Torture or even the threat of torture, when employed on a large scale, often leads to the victims giving up a large volume of information,

I agree.

some of which is useful for intelligence operations.

Hmm. It depends what is meant by "some." How much? Five percent? The interrogator's problem is then: which five percent? It's not enough for information to be useful. You also have to identify it as such, against the 95 per cent that is not useful. If five per cent is the proportion, the odds on identifying it correctly are just one in twenty. That's not good.

Given the relative technological backwardness of the Nazis and the Soviets, they understood well that mass torture was one the most effective methods they had available to find those of their opponents who had gone into hiding.

I have no specialist knowledge of the methods and results of the Gestapo. But the Soviets: that's wrong. The historical records of Soviet counter-intelligence suggest an entirely different story. The Soviet authorities did believe that their opponents had gone into hiding. The primary method of identifying enemies was not information gleaned through torture, but markers of social origin, kinship, acquaintance, and past behaviour. The products of torture were used mainly to confirm the "guilt" of those already identified by other means. There are many historical accounts, from Solzhenitsyn's Gulag Archipelago to Joerg Baberowski's Scorched Earth, published just last year. (Or would you believe, say, that Marshal Tukhachevskii, whose blood was found on his signed confession, was actually an agent of the Gestapo, as he confessed?)

It is a matter of common knowledge that more technologically advanced tyrannies, like modern Russia, still use torture on a mass scale,

I'll give this a pass, but I'm not happy. Even under authoritarian rule there is a distinction to be drawn between torture as a centralized policy and torture in the more decentralized form of the abuses that are enabled when the abusers know they will not be called to account. This distinction may not matter to the victim, but it is certainly germane to the instrumentality of torture. Still, for the sake of argument, let's move on.

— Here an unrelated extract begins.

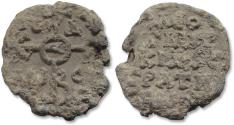 Ancient Coins - Byzantine lead seal - Leon, Patricios and strategos- circa 8th century A.D.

and sometimes gain information that they deem important by this means.

That's fascinating. Is that really common knowledge? How would we know about it? (We should think about modern tyrannies that have collapsed, so that their records are available.) And, how often is "sometimes"? And, shouldn't we ask whether "the information that they deem important" turned out to have at least some external validity? I'd certainly like to know more about this.

The Eighth Amendment explicitly prohibits "cruel and unusual punishments".

Absolutely. (But we are not discussing torture as a punishment. We are discussing torture as an instrument for gathering information. The victim is being interrogated, not punished.)

The US political system is duty-bound to enforce the constitution,

Near enough. The President swears to "preserve, protect and defend" the constitution. Enforcement relies on the courts. See below.

so there the matter rests.

Yes, that's what I hope. But enforcement relies on the judiciary. So I am disheartened to find the President, who just swore to "preserve, protect and defend," attacking "so-called judges" and calling the courts "political." He doesn't seem to feel the call of duty as strongly as he might, and he encourages his supporters to believe that the situation calls for a strong leader willing to break rules. As I said, it's disheartening. I understand I'm not the only one to feel this way.

For all the hysteria about waterboarding, the US has not and will not ever have a policy of inflicting permanent physical harm on prisoners.

These words mislead, I think. First, they seem to limit torture to those methods that might lead to "permanent physical harm." So methods leading to physical harm that is only temporary, such as rape or the local bruising or burning of soft tissues, are not torture? And permanent psychological trauma, such as that arising from simulated execution, is also not torture?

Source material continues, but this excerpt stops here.